### PROBLEM REQUIREMENTS
Return only the lines below starting at the line containing "Invisible door hydraulic" and ending at the line containing "f:id:gonta_house:20220103110555j:plain", both included, exactly as they are and with no pictures.

### INPUT DATA
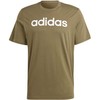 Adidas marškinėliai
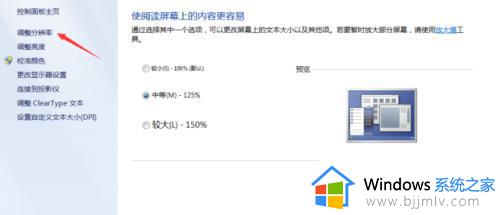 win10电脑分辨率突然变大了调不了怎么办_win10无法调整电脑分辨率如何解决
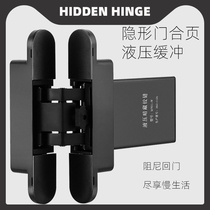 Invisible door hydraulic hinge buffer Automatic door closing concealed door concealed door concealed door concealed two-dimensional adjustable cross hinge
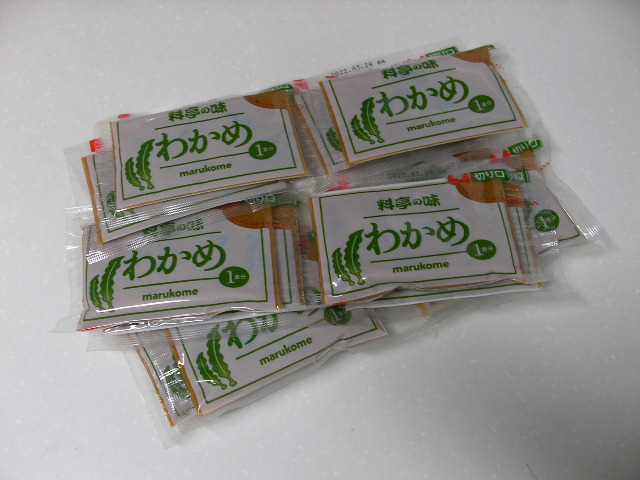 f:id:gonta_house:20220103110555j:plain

--

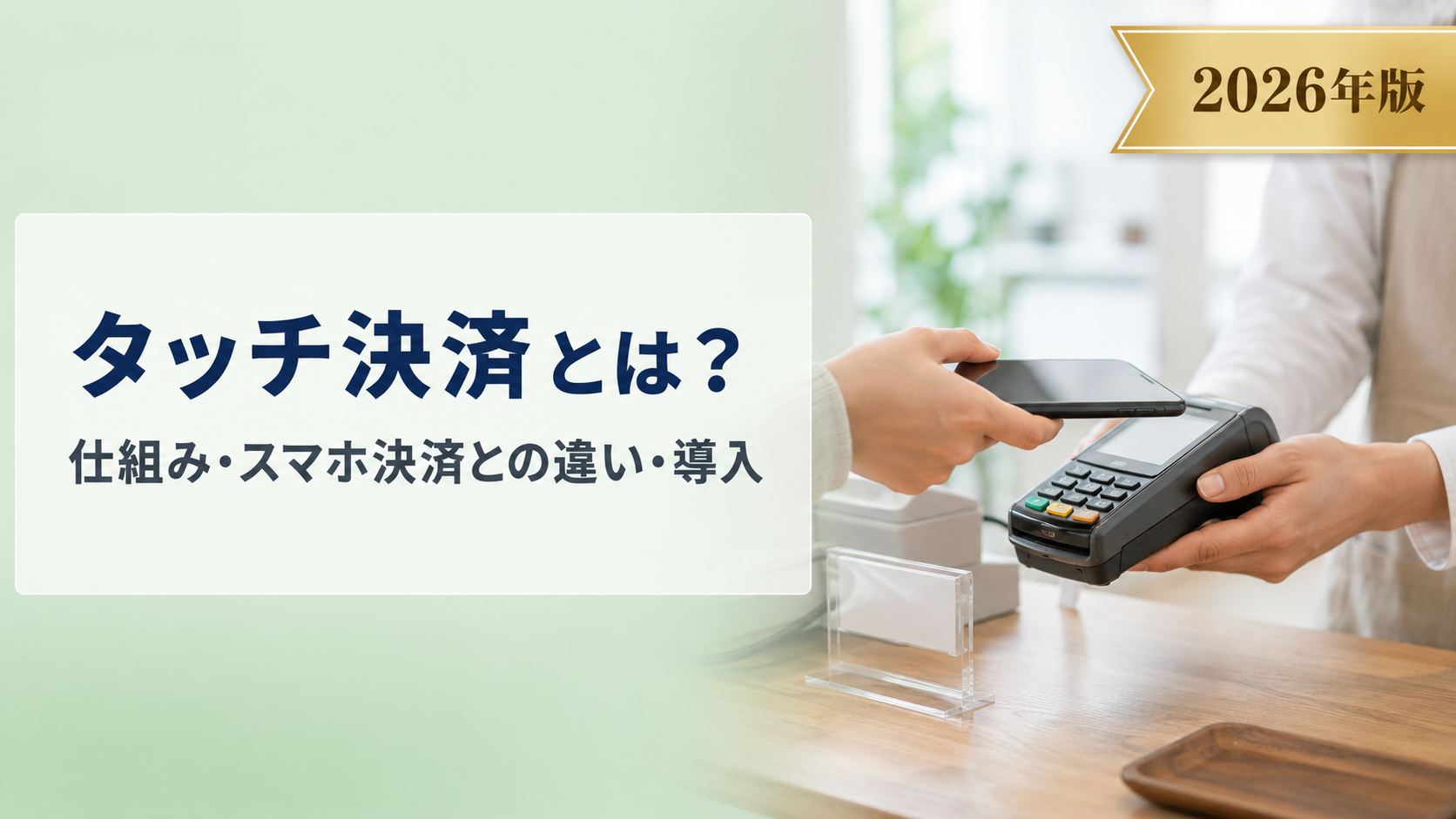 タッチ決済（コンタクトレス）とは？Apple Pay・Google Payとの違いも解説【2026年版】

### REPLY TO THE TASK
 Invisible door hydraulic hinge buffer Automatic door closing concealed door concealed door concealed door concealed two-dimensional adjustable cross hinge
 f:id:gonta_house:20220103110555j:plain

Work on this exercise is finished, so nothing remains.